Retype exactly the lines below, beginning with the first and ending with the line where "Der Alte - Collector's" appears.

- **Data to process**:
----------------
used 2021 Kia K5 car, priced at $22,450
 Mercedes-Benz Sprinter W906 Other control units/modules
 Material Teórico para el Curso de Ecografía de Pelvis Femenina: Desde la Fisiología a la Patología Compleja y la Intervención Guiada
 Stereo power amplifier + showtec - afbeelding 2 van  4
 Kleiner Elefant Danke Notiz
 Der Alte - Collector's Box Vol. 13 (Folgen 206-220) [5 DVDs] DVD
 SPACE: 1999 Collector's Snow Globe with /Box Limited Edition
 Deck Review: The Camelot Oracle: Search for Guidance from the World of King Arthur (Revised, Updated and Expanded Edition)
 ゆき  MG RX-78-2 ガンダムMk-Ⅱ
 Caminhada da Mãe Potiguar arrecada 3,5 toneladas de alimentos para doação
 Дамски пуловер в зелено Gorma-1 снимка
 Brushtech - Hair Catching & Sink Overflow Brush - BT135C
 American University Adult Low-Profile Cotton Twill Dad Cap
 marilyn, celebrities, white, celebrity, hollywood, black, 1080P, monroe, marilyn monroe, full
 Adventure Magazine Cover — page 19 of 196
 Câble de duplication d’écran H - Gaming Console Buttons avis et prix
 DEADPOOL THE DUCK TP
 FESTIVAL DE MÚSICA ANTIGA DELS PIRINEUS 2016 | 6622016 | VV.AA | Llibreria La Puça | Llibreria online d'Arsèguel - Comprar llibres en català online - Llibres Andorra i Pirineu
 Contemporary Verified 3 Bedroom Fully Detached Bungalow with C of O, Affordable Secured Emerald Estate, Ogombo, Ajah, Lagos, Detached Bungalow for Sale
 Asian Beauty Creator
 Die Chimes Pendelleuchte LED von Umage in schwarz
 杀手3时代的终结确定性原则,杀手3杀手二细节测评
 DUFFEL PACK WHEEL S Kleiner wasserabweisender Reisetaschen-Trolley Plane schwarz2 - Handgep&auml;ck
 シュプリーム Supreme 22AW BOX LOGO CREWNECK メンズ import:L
----------------
- **Written solution**:
used 2021 Kia K5 car, priced at $22,450
 Mercedes-Benz Sprinter W906 Other control units/modules
 Material Teórico para el Curso de Ecografía de Pelvis Femenina: Desde la Fisiología a la Patología Compleja y la Intervención Guiada
 Stereo power amplifier + showtec - afbeelding 2 van  4
 Kleiner Elefant Danke Notiz
 Der Alte - Collector's Box Vol. 13 (Folgen 206-220) [5 DVDs] DVD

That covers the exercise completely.